When I was young, we had an indelible pencil. If you wet it with your tongue, it would make a mark that you could not erase. That is the way marriages ought to be. Unfortunately, there are too many things that tend to destroy the marriage commitment.
We are introduced to marriage through our parents, the best example being the father and mother team. We understand and appreciate the single parent, whether it is a male or female, but they cannot play both roles. Even when it appears the child or children are doing well, there are some emotional scars that cannot be seen, and most likely, they are never revealed.
Marriage creates a union that time bonds and the circumstances of life seals and shellacs the bond. No one can foresee how the situations of life will create that indelible bond or a breakable union. If a man does not grow old with his bride, his pride will see an old woman rather than a blushing bride. He will seek to replace the old woman with a more compatible mate through infedelity and divorce. Sometimes the man blames his inability to perform on the wife, blaming his failure of arousal (considered falling out of love) on the wife. She can no longer satisfy his sexual needs because of something as simple as a doctor's visit can correct.

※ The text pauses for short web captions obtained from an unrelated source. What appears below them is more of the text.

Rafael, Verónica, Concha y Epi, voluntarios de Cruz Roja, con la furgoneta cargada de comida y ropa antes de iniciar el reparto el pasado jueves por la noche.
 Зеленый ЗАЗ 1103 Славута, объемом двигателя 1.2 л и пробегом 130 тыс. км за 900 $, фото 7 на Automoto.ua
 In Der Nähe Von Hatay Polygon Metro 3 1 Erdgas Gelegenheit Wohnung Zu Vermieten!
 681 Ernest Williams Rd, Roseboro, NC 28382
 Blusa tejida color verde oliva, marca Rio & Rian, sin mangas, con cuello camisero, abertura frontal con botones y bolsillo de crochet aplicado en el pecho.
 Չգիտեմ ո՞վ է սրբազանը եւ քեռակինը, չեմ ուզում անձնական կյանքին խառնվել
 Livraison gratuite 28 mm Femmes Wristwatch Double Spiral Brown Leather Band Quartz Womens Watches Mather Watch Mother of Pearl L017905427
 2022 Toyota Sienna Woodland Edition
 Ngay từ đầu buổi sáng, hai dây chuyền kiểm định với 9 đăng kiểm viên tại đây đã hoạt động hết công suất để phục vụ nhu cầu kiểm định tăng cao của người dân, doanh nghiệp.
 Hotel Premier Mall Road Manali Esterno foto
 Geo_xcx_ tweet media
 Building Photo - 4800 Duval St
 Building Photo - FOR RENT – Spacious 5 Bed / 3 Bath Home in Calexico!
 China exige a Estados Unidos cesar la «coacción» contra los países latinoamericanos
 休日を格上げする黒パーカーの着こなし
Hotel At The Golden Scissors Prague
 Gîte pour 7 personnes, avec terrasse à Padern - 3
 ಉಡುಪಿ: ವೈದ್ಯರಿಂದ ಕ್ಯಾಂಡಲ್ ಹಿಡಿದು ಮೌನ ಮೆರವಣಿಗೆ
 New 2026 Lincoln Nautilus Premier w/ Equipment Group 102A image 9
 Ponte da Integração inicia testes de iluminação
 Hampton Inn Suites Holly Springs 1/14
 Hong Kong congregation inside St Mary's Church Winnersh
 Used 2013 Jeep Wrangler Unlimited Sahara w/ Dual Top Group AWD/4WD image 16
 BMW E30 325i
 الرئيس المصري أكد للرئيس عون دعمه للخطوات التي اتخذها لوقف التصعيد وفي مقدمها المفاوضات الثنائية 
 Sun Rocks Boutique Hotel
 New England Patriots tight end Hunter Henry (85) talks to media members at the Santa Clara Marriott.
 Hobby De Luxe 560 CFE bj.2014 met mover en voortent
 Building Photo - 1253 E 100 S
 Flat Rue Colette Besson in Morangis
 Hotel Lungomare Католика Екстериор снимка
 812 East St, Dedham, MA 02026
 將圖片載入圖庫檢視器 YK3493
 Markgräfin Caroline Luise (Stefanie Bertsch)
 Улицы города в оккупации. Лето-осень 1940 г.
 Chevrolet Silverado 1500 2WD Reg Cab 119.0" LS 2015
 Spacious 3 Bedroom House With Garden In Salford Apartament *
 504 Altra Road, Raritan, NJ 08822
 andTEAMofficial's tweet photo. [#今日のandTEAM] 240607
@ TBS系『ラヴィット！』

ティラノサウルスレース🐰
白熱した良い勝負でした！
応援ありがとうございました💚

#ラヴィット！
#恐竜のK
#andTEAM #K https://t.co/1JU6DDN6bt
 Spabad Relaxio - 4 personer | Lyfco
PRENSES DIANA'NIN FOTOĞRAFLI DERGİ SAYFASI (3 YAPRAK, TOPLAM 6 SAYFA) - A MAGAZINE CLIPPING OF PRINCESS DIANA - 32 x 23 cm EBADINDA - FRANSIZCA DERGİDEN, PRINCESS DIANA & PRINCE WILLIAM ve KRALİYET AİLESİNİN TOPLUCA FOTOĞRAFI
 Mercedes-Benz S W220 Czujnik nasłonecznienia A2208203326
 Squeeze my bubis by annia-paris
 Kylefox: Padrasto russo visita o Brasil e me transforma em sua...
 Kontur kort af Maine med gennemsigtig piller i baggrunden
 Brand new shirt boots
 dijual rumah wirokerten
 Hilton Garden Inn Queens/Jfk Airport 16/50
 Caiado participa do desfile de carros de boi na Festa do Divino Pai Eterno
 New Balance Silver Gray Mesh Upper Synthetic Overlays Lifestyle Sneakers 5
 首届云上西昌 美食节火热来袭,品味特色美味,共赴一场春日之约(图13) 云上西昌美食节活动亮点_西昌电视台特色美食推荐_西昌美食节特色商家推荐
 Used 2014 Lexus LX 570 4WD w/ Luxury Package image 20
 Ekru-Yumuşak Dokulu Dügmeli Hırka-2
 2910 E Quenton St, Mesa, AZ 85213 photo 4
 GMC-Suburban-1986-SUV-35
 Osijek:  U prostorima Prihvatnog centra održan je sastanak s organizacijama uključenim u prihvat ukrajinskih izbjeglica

Too often, the marriage is based on physical attractions, prominent positions, financial accounting, or other things that change in time. When the changes come, the mind wanders and finds other lusts and interests to pursue. Sometimes a woman will gain weight because of rejection. There are others who lose weight because of depression. In either case, it is an unforeseen change that changes the makeup of the bride.
An indelible marriage evolves around the good and the bad of the marriage relationship. A good communication link will expose the weaknesses in a marriage. The machoism of a man will not allow him to tell his wife or go to a counsellor when the sexual experience fails. On the other hand, when the sexual drive of the wife ebbs, and she no longer has a desire to fulfil her duties as a wife, her rejection may cause some manner of dysfunction for her spouse.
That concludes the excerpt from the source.